Li, K., Förster, M., Rong, Z., Haaland, S., Kronberg, E. A., Cui, J., et al. (2020). The Polar Wind Modulated by the Spatial Inhomogeneity of the Strength of the Earth's Magnetic Field. Journal of Geophysical Research: Space Physics, 125(4): e2020JA027802. doi:10.1029/2020JA027802.

Cite as: https://hdl.handle.net/21.11116/0000-0006-0A80-E

Abstract

When the geomagnetic field is weak, the small mirror force allows precipitating charged particles to deposit energy in the ionosphere. This leads to an increase in ionospheric outflow from the Earth's polar cap region, but such an effect has not been previously observed because the energies of the ions of the polar ionospheric outflow are too low, making it difficult to detect the low‐energy ions with a positively charged spacecraft.
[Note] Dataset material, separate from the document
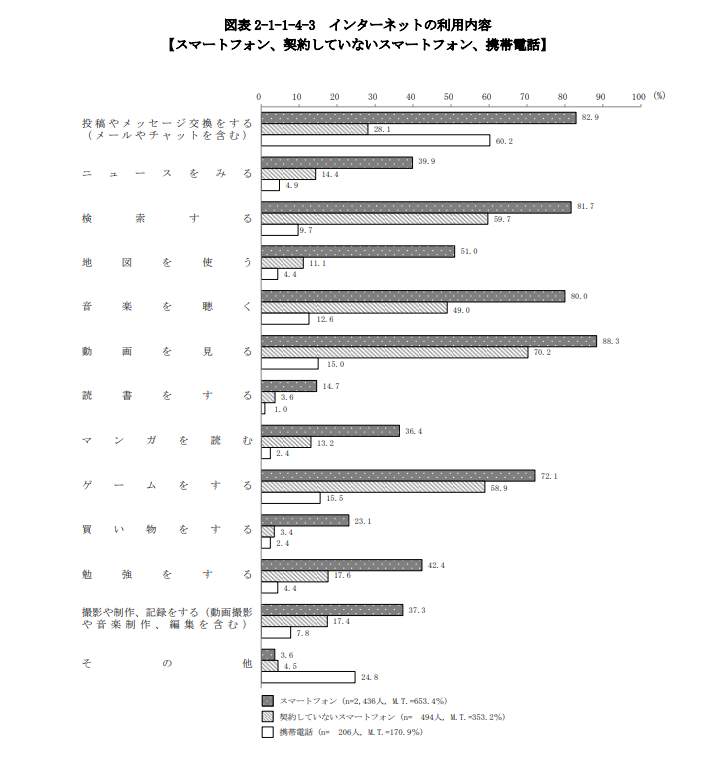 スマートフォン等のインターネット利用内容（こども家庭庁の調査）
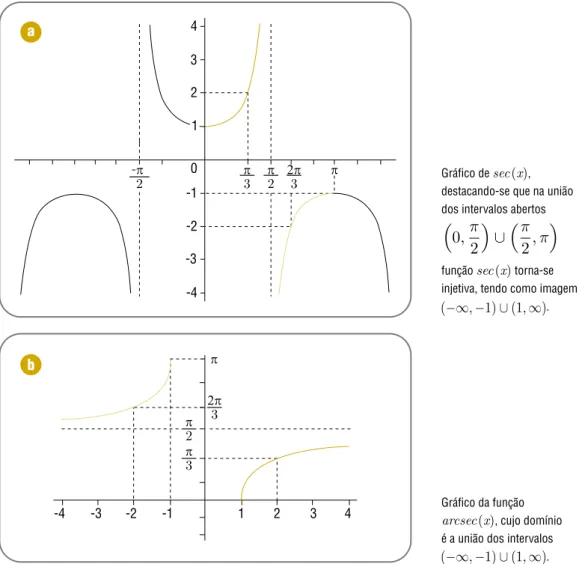 Figura 1 - Gráficos da sec(x) e de sua função inversa arcsec(x)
In this study, we found an anticorrelation between ionospheric outflow and the strength of the Earth's magnetic field. Our results suggest that the electron precipitation through the polar rain can be a main energy source of the polar wind during periods of high levels of solar activity. The decreased magnetic field due to spatial inhomogeneity of the Earth's magnetic field and its effect on outflow can be used to study the outflow in history when the magnetic field was at similar levels.